Zoom Culture, the media company that made industry waves by using college-aged students and cutting-edge technology to create and distribute video content, has called it a wrap.

Zoom ceased operations Tuesday after investors refused to pour more money into the company, according to Zoom founder and board member Nathan Wieler. Officials now will try to sell as many of the company’s assets – both physical and artistic – before officially closing the book on the three-year-old firm, he says.

“It takes a lot of capital to be a media company,” Wieler says. “Things have been coming along for us, but it’s a matter of how much money it was going to take to take things to the next level.”

The move comes one month after former Chief Executive Marty Lafferty was replaced by Kip Frey of Zoom investor Intersouth Partners.

At that time, insiders said Lafferty, a television industry veteran, was forced out over board concerns that the company was spending too much money in relation to its revenue stream. But Lafferty and company officials insisted that he had stepped down to pursue other interests, that the company was on sound financial footing and that Frey’s experience in running startups would help Zoom grow in the long run.

Frey is well known around the Research Triangle region for taking a hard line on burn rates and negotiating profitable sales of small companies. Yet, the financial situation at Zoom was apparently too perilous for him to salvage.

E-mail announces closure

Board members agreed Monday to shut down when Intersouth and other investors declined to commit to further funding. Frey sent an e-mail to the company’s 40 employees Tuesday morning, notifying them of the decision.

“I’m sorry to report that we will not be receiving additional venture capital funding from our current investors. Our cash position is such that the company will need to cease operations immediately,” Frey wrote in the e-mail before asking employees to return all company property and clear out their desks.

Wieler says many employees were upset that they weren’t given a chance to continue Zoom’s recent growth trend, but he says he understands the decision made by the company’s venture backers and is thankful for the support they had provided until now.

“People like the idea of the company. The Zoom directors, the customers, the investors, they all like it,” he says. “But it’s been difficult to execute as quickly and as broad a plan as we set out to, and we made various mistakes along the way.”

As its name suggests, Zoom experienced the same meteoric rise and fall of many companies created at the height of the Internet boom.
Wieler and a couple of friends formed Zoom in mid-1999 as an online venture that streamed videos shot by college-age students. After the company attracted its first venture capital a year later, Lafferty was brought in as CEO to build relationships with media firms to buy and distribute the content produced by Zoom cadre of “directors,” who paid the company a monthly fee for training and access to state-of-the-art digital video production equipment.

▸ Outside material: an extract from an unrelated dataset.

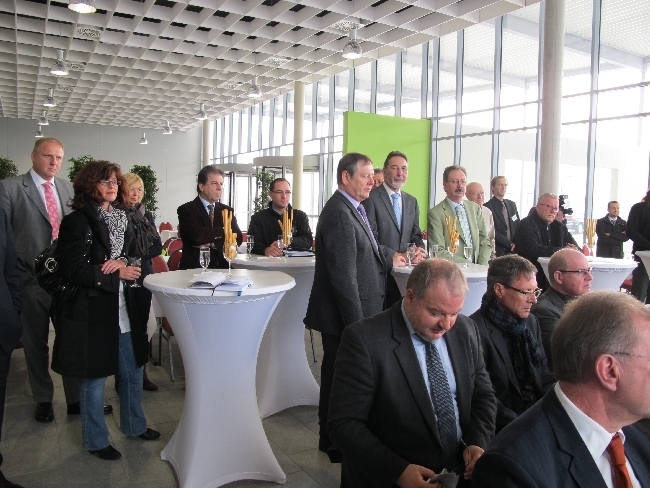 Eröffnungsveranstaltung der Immobilientage 2012 mit Messerundgang, Foto: B4B SCHWABEN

“We never set out to make a couple of TV shows and a web site,” Wieler says of the company’s outward transformation over the past two years. “From Day One, we wanted to build a media company that could exploit new production and distribution models.”

The company appeared to be making headway, striking a deal with NBC to air Hip Hop Nation, a show focusing on the rap and hip hop music scene, and another with FOX for extreme sports show Playground Earth. Hip Hop Nation now is seen in 100 markets nationwide, while Playground Earth programs have been syndicated overseas.
The PAX network aired a Zoom-produced special, “Women in Comedy,” nationally on this past Thanksgiving, marking the company’s first prime-time special.

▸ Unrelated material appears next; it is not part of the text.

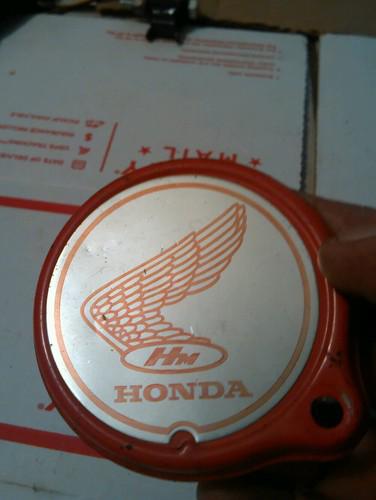 Little honda p50 airbox cover oem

Zoom officials said broadcasters were attracted to its offerings because of their low cost, their digital production and the much sought-after demographics that they bring, with shows targeting 18- to 34-year-olds.

Burning through $20 million

With its successes, more venture capital rolled in. Almost half of the $20 million the company raised during its lifetime came last year from firms like Intersouth, Kentucky-based Chrysalis Ventures, Cordova Ventures of Atlanta and angel investor groups. Officials said they had enough money to last through 2003, when the company was expected to start making a profit.

But Wieler says the company was continually plagued by lower-than-expected revenue and high costs. The company laid off a handful of employees last summer, then moved into swank new offices in Chapel Hill.

“When you don’t hit your plan and have to go back and ask for more money, that’s tough. You can do it once, maybe, but you can’t keep doing it,” he says. “Controlling expenses meant ceasing operations.”
Mark Hefflinger, editor of industry news service Digital Media Wire, says he’s surprised Zoom lasted as long as it did based on what it produced.

“They were a holdout. A lot of similar companies, including those with ties to major studios, have been out of business for some time,” Hefflinger says.

Frey and a skeleton crew will now try to get what they can for Zoom’s equipment and its rights to shows in production, Wieler says, and then everyone will move on.

“We really had a lot of talent here,” he says. “Zoom directors have been inspired by this experience to try other things, and I’m excited about the possibilities for them, whether it’s in Hollywood or at a local TV station or doing their own independent projects.”